Required action: Where the records below reach the line containing "Young couple on", start transcribing, and end with the line containing "Chic pink star-shaped", exactly and with nothing else added.

Information given:
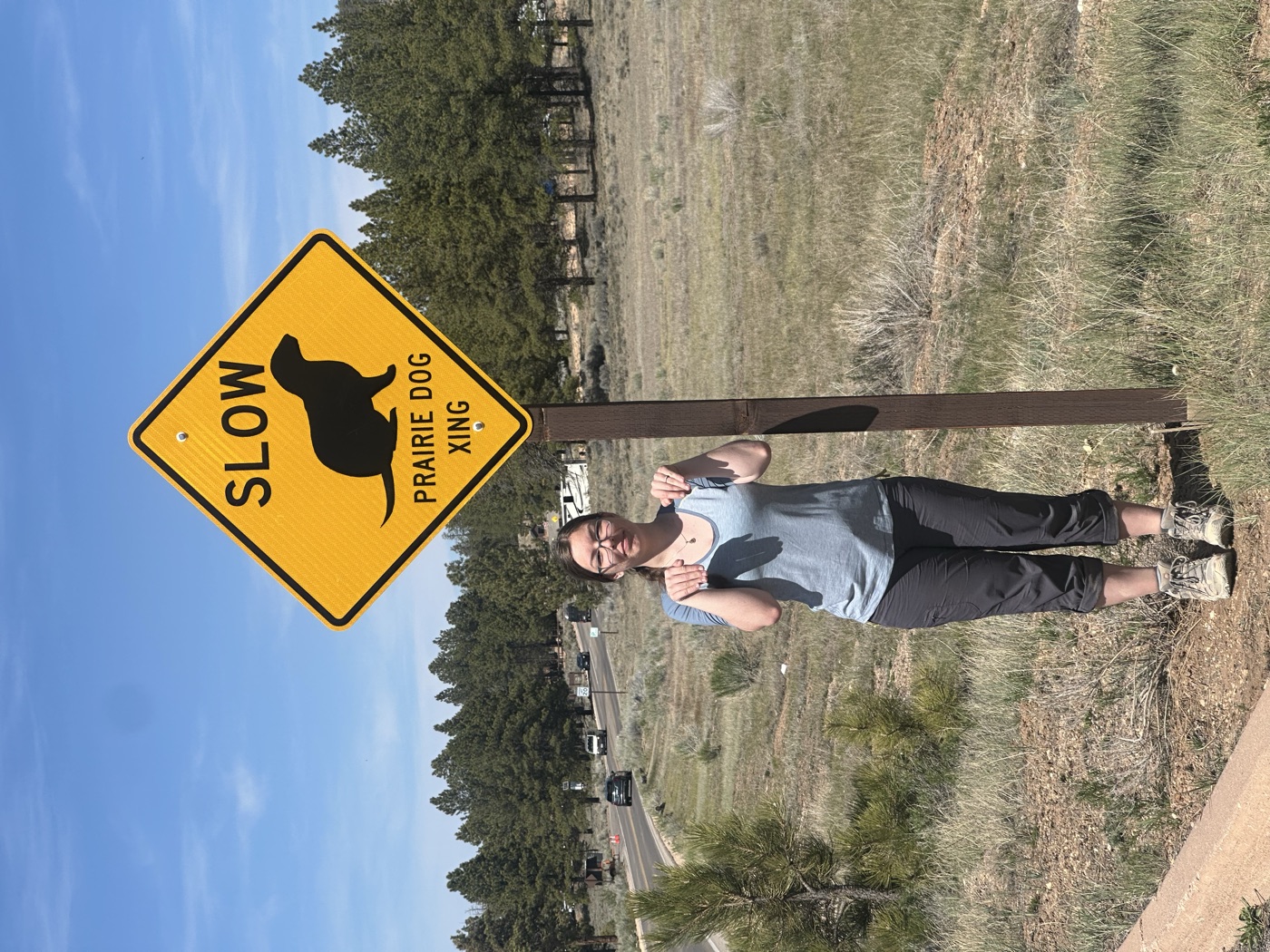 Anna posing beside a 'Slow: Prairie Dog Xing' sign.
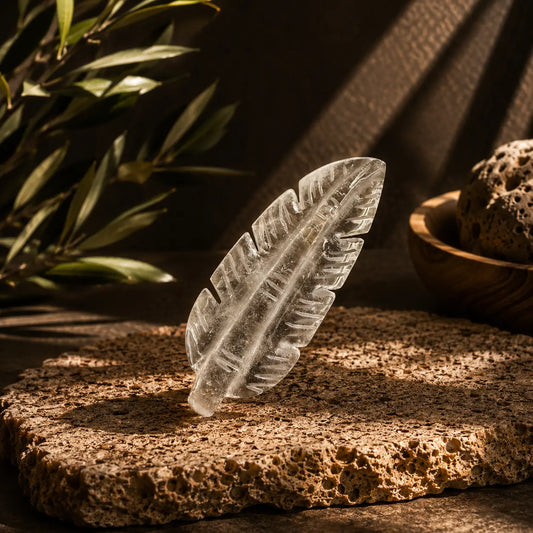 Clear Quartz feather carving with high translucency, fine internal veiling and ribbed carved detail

* * *

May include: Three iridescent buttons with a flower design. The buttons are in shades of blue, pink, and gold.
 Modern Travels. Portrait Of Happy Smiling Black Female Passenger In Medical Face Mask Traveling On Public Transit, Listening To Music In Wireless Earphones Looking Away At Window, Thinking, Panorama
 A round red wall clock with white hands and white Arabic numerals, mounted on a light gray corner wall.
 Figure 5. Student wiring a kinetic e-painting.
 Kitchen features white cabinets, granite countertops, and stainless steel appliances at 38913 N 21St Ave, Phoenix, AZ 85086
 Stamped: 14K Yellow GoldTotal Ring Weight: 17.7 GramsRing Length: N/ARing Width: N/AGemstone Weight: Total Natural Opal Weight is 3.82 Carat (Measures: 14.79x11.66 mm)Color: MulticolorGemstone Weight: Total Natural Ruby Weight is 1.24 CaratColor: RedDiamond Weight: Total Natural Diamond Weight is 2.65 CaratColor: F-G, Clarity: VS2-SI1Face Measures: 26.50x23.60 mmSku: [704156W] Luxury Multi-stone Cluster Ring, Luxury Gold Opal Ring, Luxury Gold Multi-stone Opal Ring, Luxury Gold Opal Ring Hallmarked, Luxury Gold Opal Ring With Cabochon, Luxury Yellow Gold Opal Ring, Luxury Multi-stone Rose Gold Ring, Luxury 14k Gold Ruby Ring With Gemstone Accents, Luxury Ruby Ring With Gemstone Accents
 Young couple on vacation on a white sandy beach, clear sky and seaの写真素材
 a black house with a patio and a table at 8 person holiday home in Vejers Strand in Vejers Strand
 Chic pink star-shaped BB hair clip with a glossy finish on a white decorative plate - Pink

Response to this task:
 Young couple on vacation on a white sandy beach, clear sky and seaの写真素材
 a black house with a patio and a table at 8 person holiday home in Vejers Strand in Vejers Strand
 Chic pink star-shaped BB hair clip with a glossy finish on a white decorative plate - Pink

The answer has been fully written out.